2021年2月10日10時30分に朝日新聞から、下記趣旨の記事がイメージ図付きでネット配信されていた。
小型旅客船の事故では、大けがをした乗客の約7割が腰や背中などが折れる「脊椎(せきつい)骨折」だった――。
船や飛行機、鉄道の事故原因を調べる国の運輸安全委員会の調査で、こんなデータが明らかになった。
脊椎骨折した人のほぼすべてが船首近くに座っていたこともわかり、運輸安全委は「波が高くなる冬場は揺れによる事故が起きやすい。小型船では、なるべく揺れない後ろの席に座ってほしい」と呼びかける。
国土交通省の調査によると、全国には約2200の旅客船があるが、このうち7割が20トン未満の小型船だ。
旅客の少ない近距離航路で多く使われている。
大きな船に比べて波の影響をうけやすいが、障害物に衝突して浸水した場合でもすぐに脱出できるように、シートベルトの設置義務がない。
そのため、高い波で船体が揺れて乗客が座席に尻もちをつき、脊椎を骨折する事故が後をたたない。
例えば、2019年12月に鹿児島県沖であった旅客船「なんきゅう」(19トン)の事故では、高波で船体が大きく揺れ、乗客55人のうち14人がけがをした。

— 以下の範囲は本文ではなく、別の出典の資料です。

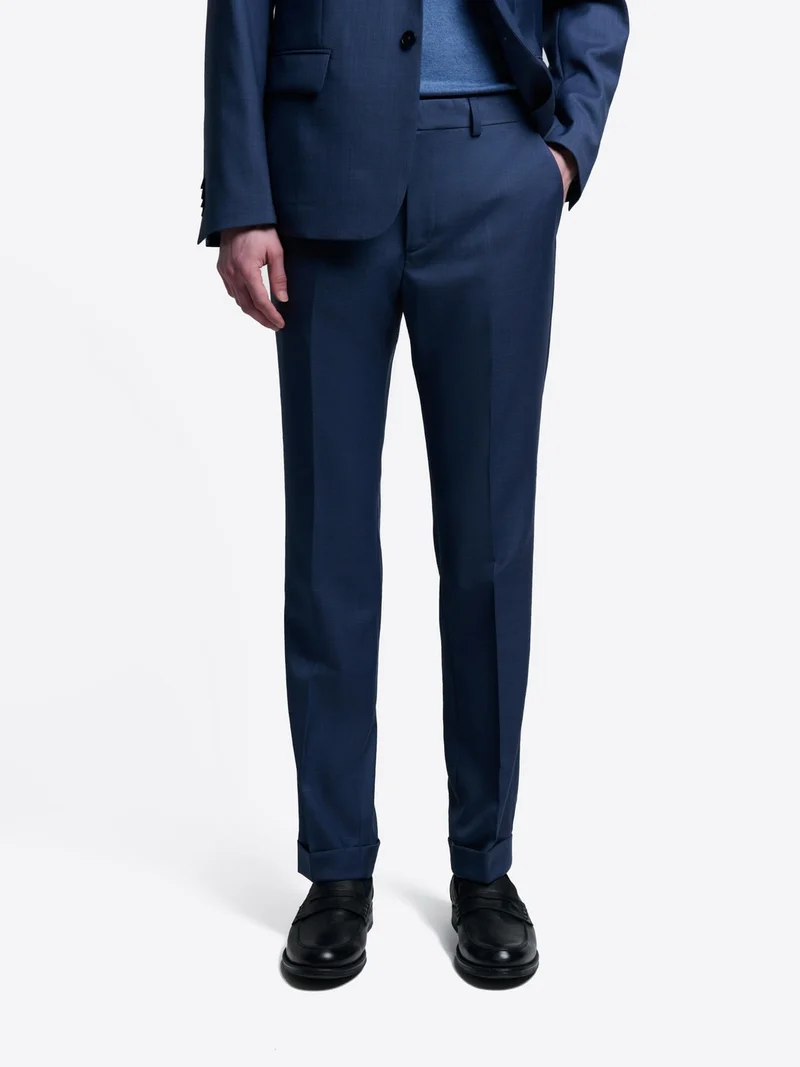 Pantalon de costume slim en laine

このうち9人が座席に尻を強く打ち付けた脊椎骨折で、いずれも客席の3列目までに座っていたという。
運輸安全委が08~19年に起きた旅客船の死傷事故115件を調べたところ、重傷以上のけが人がいた小型船の事故は28件で、37人が大けがをしていた。
このうち、16件の25人は脊椎が折れる大けがをしていた。
重傷者の68%が脊椎骨折だったことになる。
【船首側の大けが、なぜ多い?】
報告書が公表されている事故をさらに詳しく見ると、軽傷と診断された人も含めて、脊椎(せきつい)を骨折していた29人のうち、28人が船首側の席に座っていたという。
船首側の席で脊椎骨折が多いのは、エンジンがついている船尾側に船の重心があるからだ。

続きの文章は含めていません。